Well NYC really has it all (9 di 10)

Avete mai sentito parlare di Strand?
Strand è una libreria vicino a Union Square il cui claim è “18 miglia di libri”. Nel senso che hanno calcolato che le loro scaffalature si estendono per quella lunghezza, cioè circa 30 km. Come se non fosse abbastanza, tengono dei banchetti all’esterno con libri vecchi a 1 o 2 dollari l’uno.
Lo so che vi aspettate che dica che è il paradiso. Ma come sono entrato mi si è congestionato il naso e ho iniziato a lacrimare. Allergia a qualcosa? Raffreddore istantaneo e temporaneo? Non lo so. So solo che ho iniziato a starnutire. E io quando starnutisco, starnutisco. La mia onomatopea è qualcosa del tipo ATCHUM (Impact, extrabold, 72pt). Dico solo che una signora mi ha guardato e mi ha detto “God bless you”, che è la formula con cui gli americani dicono “salute”; solo che l’ha detto con un tono che secondo me voleva proprio dire “che dio ti benedica che ne hai tanto tanto bisogno”. Questo per dire che, ecco, la mia user experience è stata un po’ guastata dal fatto che stavo facendo attenzione a non morire. Però mi è piaciuto molto che c’erano tanti tavoli su cui erano disposti libri organizzati per percorsi tematici e che c’erano parecchi libri (remainders, direi) a basso prezzo. In realtà la cosa delle 18 miglia se guardi bene è un po’ un pacco, nel senso che tantissimi libri sono assolutamente irraggiungibili da chiunque perché sono tanto in alto e comunque c’è un sacco di fuffa che vegeta sugli scaffali da chissà quando. Ora che ci penso, sarei curioso di vedere come fanno a fare l’inventario, in quell’inferno di carta.

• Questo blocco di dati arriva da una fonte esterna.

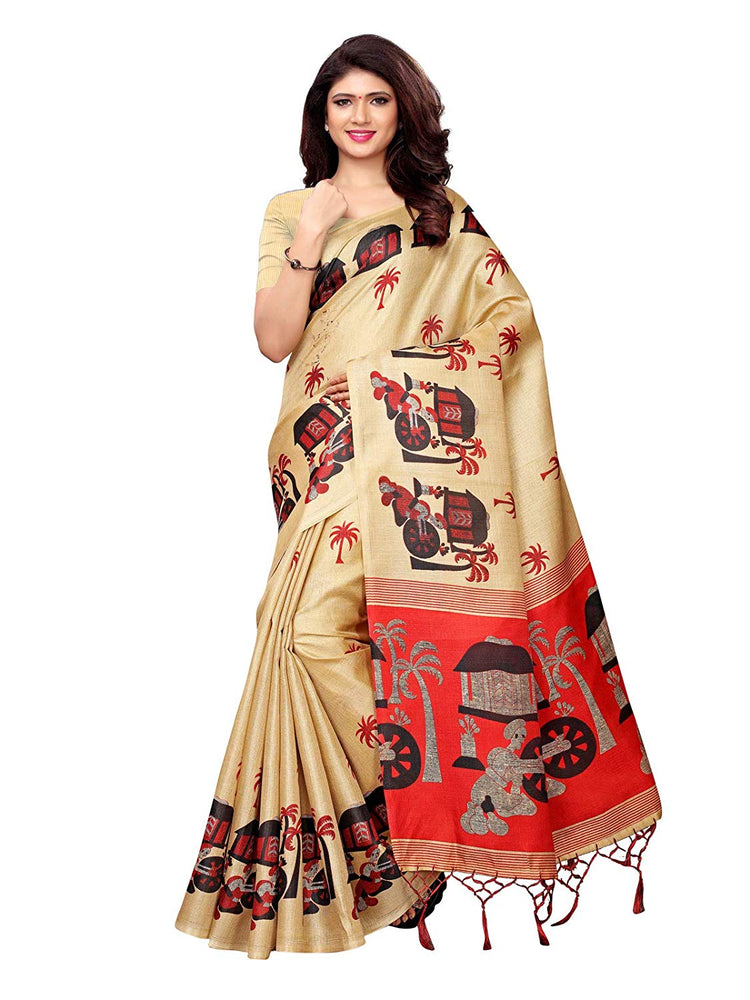 Beige, Red Color Art Silk Saree only in Bigswipe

Una delle cose più belle, se non la più bella, che ho visto a New York è l’High Line Park, un parco cittadino che si trova sullo spezzone di una linea ferroviaria sopraelevata in disuso, che passa tra i palazzi del west side, tra il Meatpacking District e Chelsea (sha la la la) (questa è una citazione vergognosa, lo so). In pratica cosa è successo? Questa linea, costruita negli anni trenta, è stata chiusa nel 1980. Per anni è rimasto tutto incolto e mentre i proprietari dei terreni sottostanti spingevano per la sua demolizione, tra i binari crescevano erba, alberi, arbusti. Altri comitati chiedevano invece il ripristino del traffico. Alla fine degli anni novanta si è formato un gruppo di opinione che proponeva la sua trasformazione in un parco sopraelevato. E ha vinto. Il progetto è iniziato nel 2004 e il primo tratto è stato aperto al pubblico nel 2009 (il secondo, sfiga, qualche giorno dopo la nostra partenza).
Stare sopra all’High Line è bellissimo. I binari sono stati in gran parte rimossi, ma nelle “aiuole” sono rimasti e affiorano tra l’erba, un’erba lunga e verdissima che ondeggia sotto il vento.

Sei in mezzo alla città, ma è come essere da qualche altra parte.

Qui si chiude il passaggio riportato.